▶ _Records for the exercise_
──────
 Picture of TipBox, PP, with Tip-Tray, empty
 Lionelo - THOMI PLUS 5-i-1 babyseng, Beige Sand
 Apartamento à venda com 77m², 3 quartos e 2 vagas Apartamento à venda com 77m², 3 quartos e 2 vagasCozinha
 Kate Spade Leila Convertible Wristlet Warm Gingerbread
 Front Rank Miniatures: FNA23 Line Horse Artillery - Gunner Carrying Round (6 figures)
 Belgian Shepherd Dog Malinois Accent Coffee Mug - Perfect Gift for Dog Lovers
──────
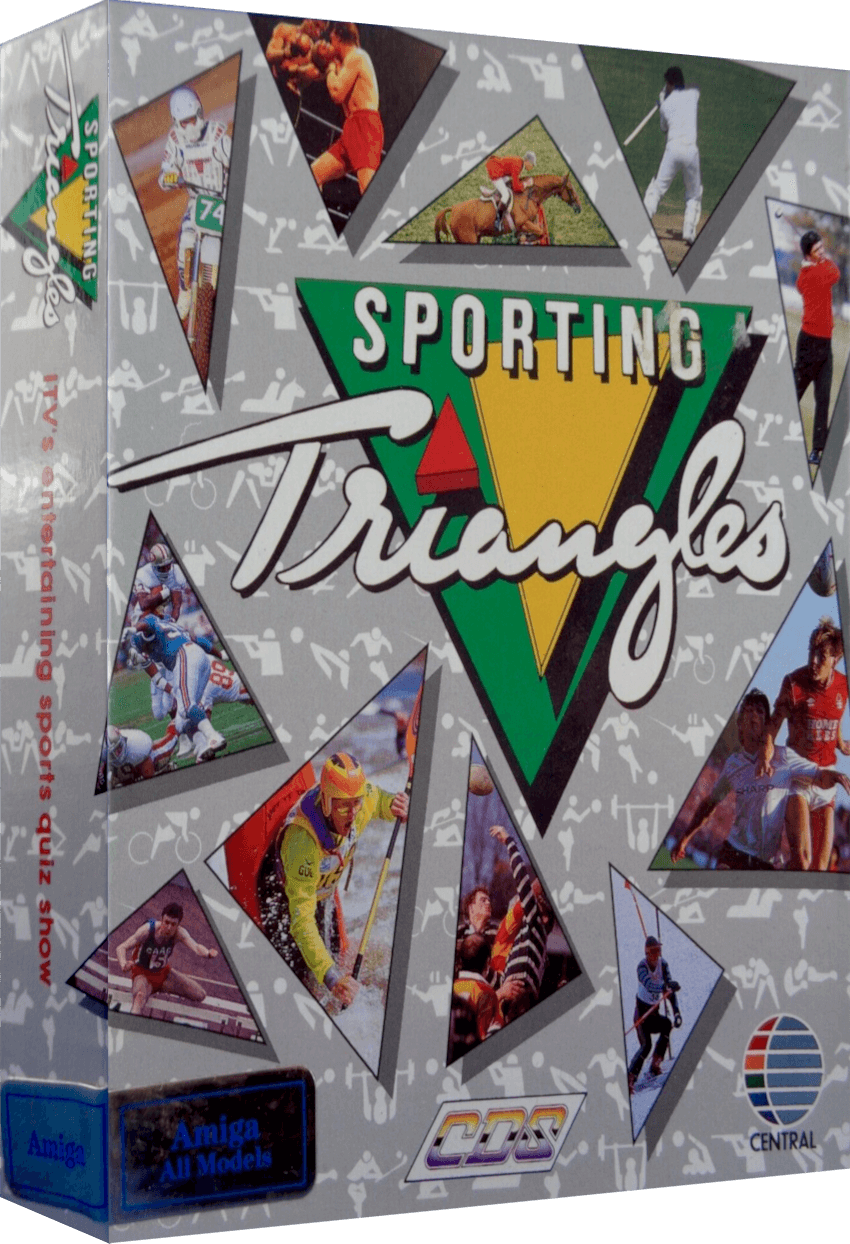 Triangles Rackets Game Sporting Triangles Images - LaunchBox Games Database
──────
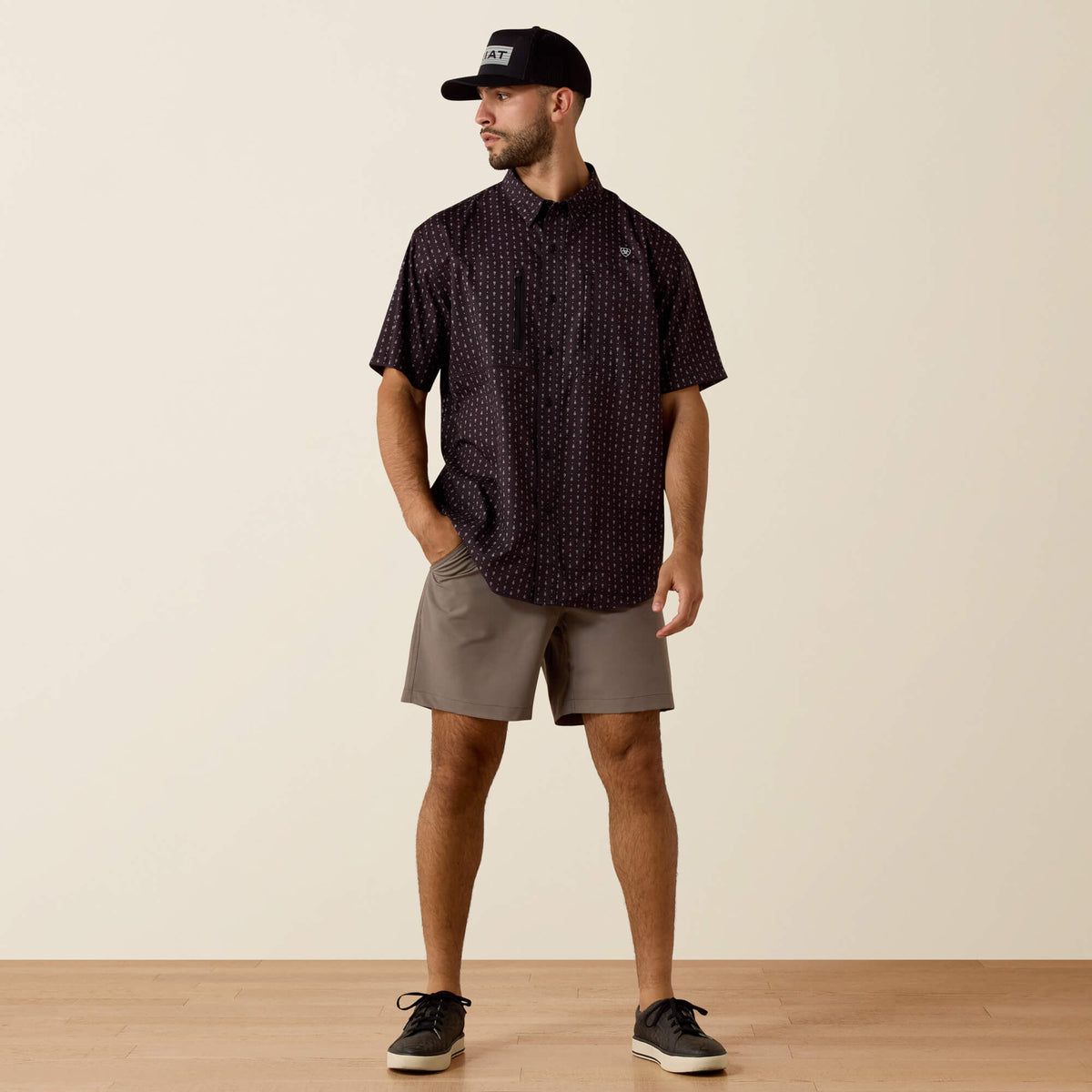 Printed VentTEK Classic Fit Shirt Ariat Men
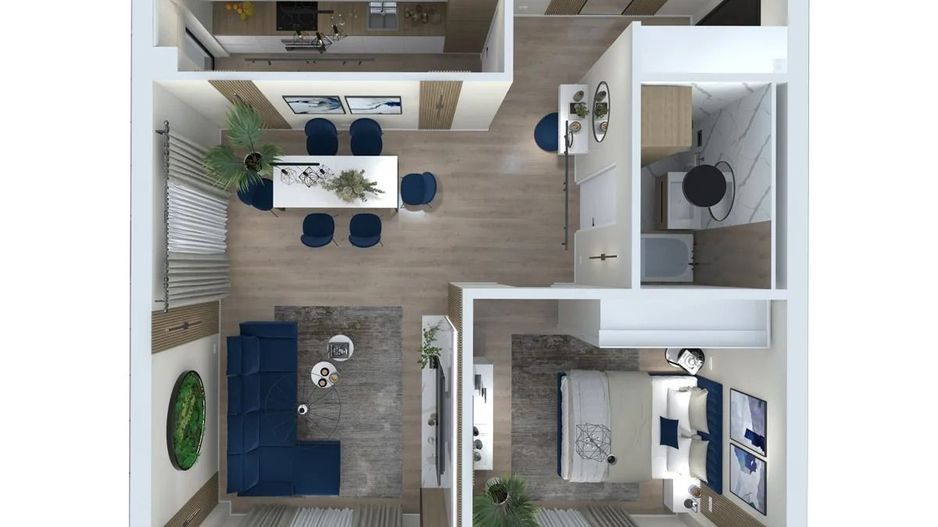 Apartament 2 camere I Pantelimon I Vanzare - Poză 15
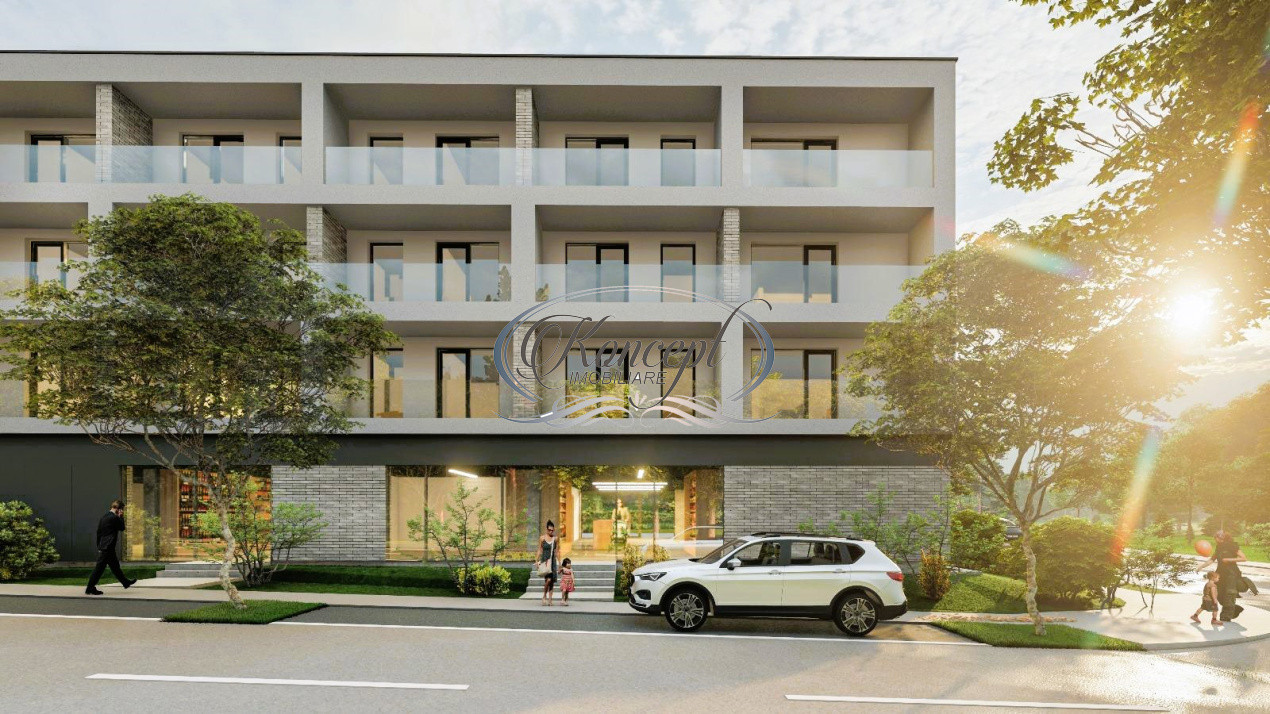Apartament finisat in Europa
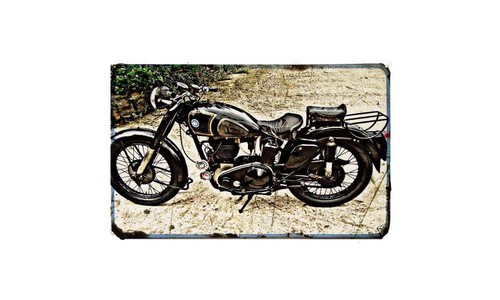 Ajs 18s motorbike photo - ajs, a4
──────
Going down the listing above, begin printing at the line with "Lionelo - THOMI" and finish with the line with "Belgian Shepherd Dog", exactly as they appear.

 Lionelo - THOMI PLUS 5-i-1 babyseng, Beige Sand
 Apartamento à venda com 77m², 3 quartos e 2 vagas Apartamento à venda com 77m², 3 quartos e 2 vagasCozinha
 Kate Spade Leila Convertible Wristlet Warm Gingerbread
 Front Rank Miniatures: FNA23 Line Horse Artillery - Gunner Carrying Round (6 figures)
 Belgian Shepherd Dog Malinois Accent Coffee Mug - Perfect Gift for Dog Lovers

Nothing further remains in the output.